The time required for one optimization cycle with 13 × 13 phase blocks is roughly 192 s. For a proof-of-concept demonstration, there is no need for using faster but more complex optimization algorithms. In future, we expect the faster algorithms and methods described in [21, 22, 24–27] should significantly improve the speed of selective mode excitation.
4. Experimental results
By using the experimental setup and adaptive algorithm described above, we have adaptively controlled optical mode content at the fiber output. During the experiment, only the optical field within or near the fiber core (approximately 5.4 µm × 5.4 µm in size) is used in the evaluation of the optimization function. (It corresponds to a 61 × 61 pixel block in the CCD image. The fiber core, with a radius of 1.8 µm, is completely contained within this region.) In our studies, we considered three different cases. In case 1 and 2, we adaptively covert the optical mode at the fiber output to be either purely LP01 (in case 1) or purely LP11 (in case 2). Then, in case 3, we excite a mixture of LP01 and LP11 with pre-determined mode coefficients.
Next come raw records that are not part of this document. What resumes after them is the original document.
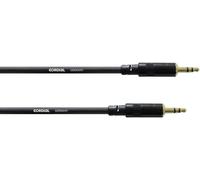 Câble de liaison Jack [1x Jack mâle 3.5 mm - 1x Jack mâle 3.5 mm] Cordial CFS 0,9 WW noir 0.90 m
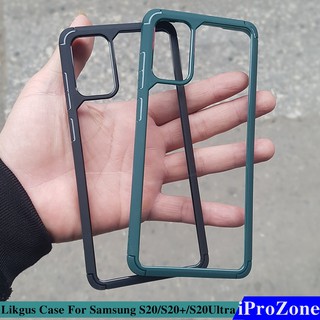 Ốp Viền mầu lưng trong cho Samsung S20 , S20 Plus , S20 Ultra chính hãng Likgus chống sốc , không ố vàng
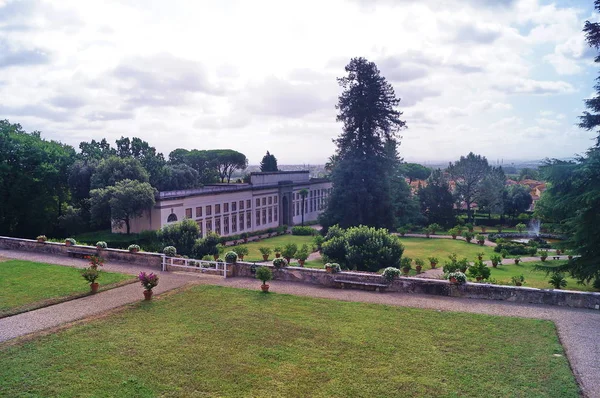 Garten Der Medici Villa Poggio Caiano Toskana Italien — Stockfoto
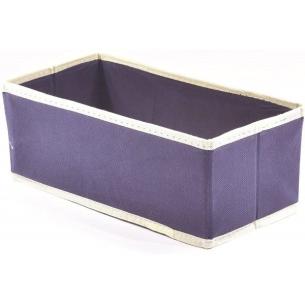 Scatola organizer Precisotto in tessuto TNT 28x14x11 cm blu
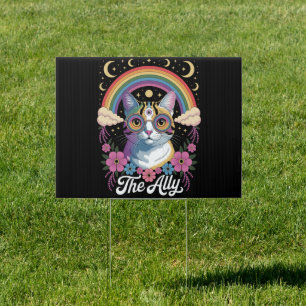 Funny Ally Ca Pride Sunglasses Gay Pride LGBTQ Sign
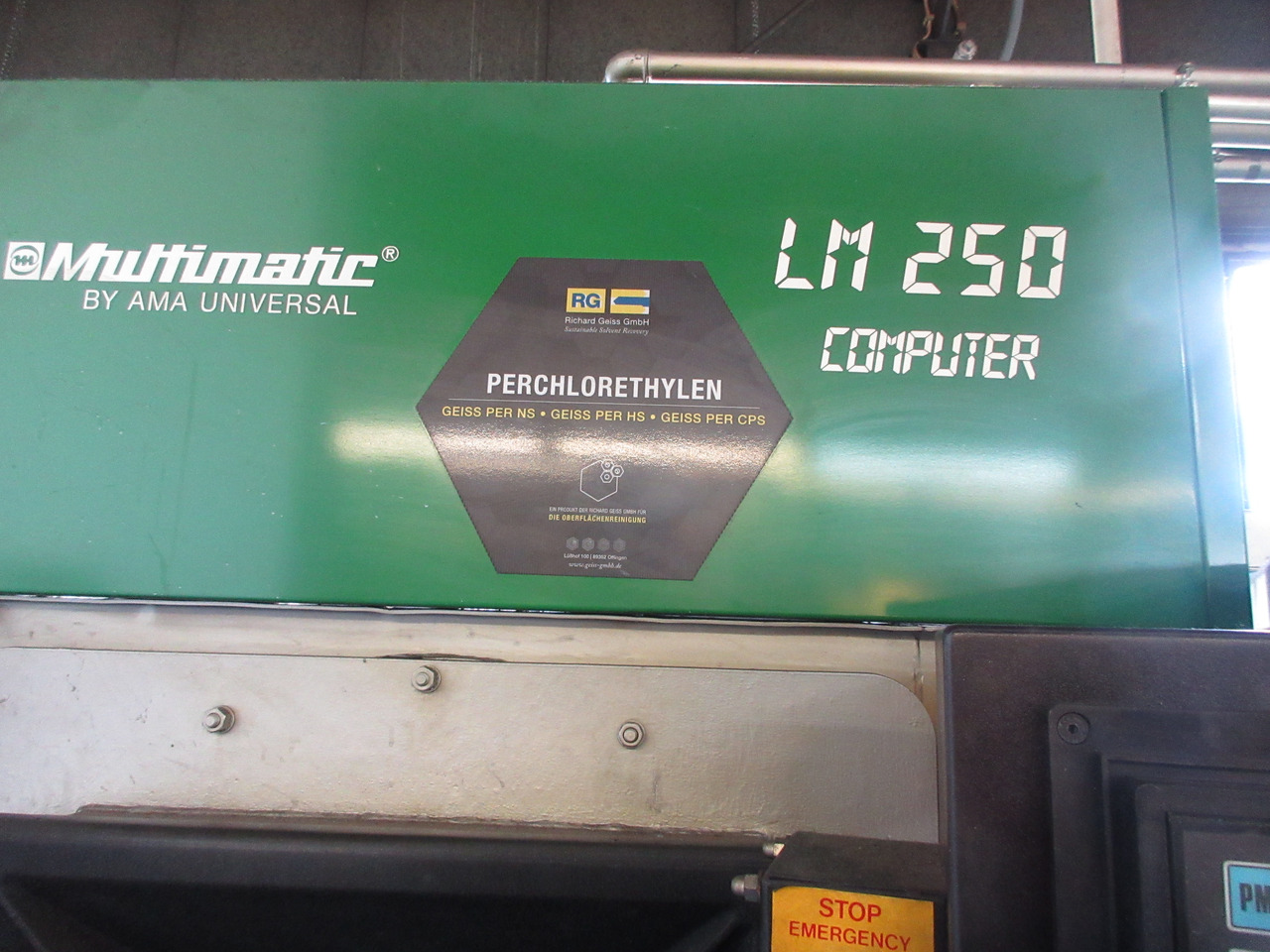 AMA Universal Multimatic LM 250 Computer Entfettungsanlage mit PER Perchlorethylen - Obrábací stroj: obrázok 5 AMA Universal Multimatic LM 250 Computer Entfettungsanlage mit PER Perchlorethylen - Obrábací stroj: obrázok 5
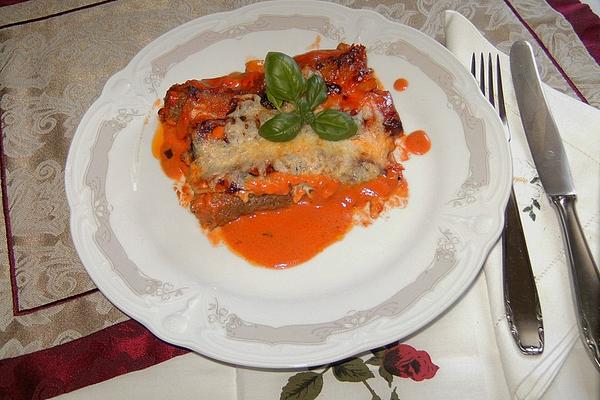 Stuffed Cannelloni in Creamy Tomato Sauce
The results for case 1, i.e., exciting only the LP01 mode, are shown in Fig. 2. Figures 2(a) and 2(b) show the “before” and the “after” optimization images for four experiments with randomly selected initial intensity profiles. In Figs. 2(a) and 2(b), the “before” and “after” images that belong to the same optimization process are denoted using the same sequence number. The difference between the optimized intensity distribution and the theoretical target is less than 0.19% for all four cases. The cross-sections of the optimized field intensity (as captured by the CCD camera, represented as dots) and the theoretical target (represented as solid lines) are shown in Figs. 2(c) and 2(d). After optimization, the agreement between the actual mode profile and the theoretical target is excellent.
Figure 3 shows experimental results for case 2, where we excite only the LP11 mode at the fiber output. Again, Figs. 3(a) and 3(b) show the “before” and “after” optimization images for four experimental studies with different initial intensity profiles. After optimization, the difference between the actual CCD camera image and the theoretical target is less than 0.75% for all four cases. As previously, the cross-sections of theoretical and actual “after” optimization mode profiles are shown in Figs. 3(c) and 3(d).
Results in Figs. 2 and 3 demonstrate that the AO-based approach can produce either the LP01 or the LP11 mode with very high selectivity, regardless of the initial mode profiles. Next, we consider, in some sense, the worst case scenario, where we deliberately choose the LP01 mode as the initial profile and select the LP11 mode as our target. The “before” and “after” optimization images, as captured by the CCD camera, are shown in Figs. 4(a) and 4(b). Again, it is clear that we can achieve complete mode conversion from the LP01 to the LP11 mode.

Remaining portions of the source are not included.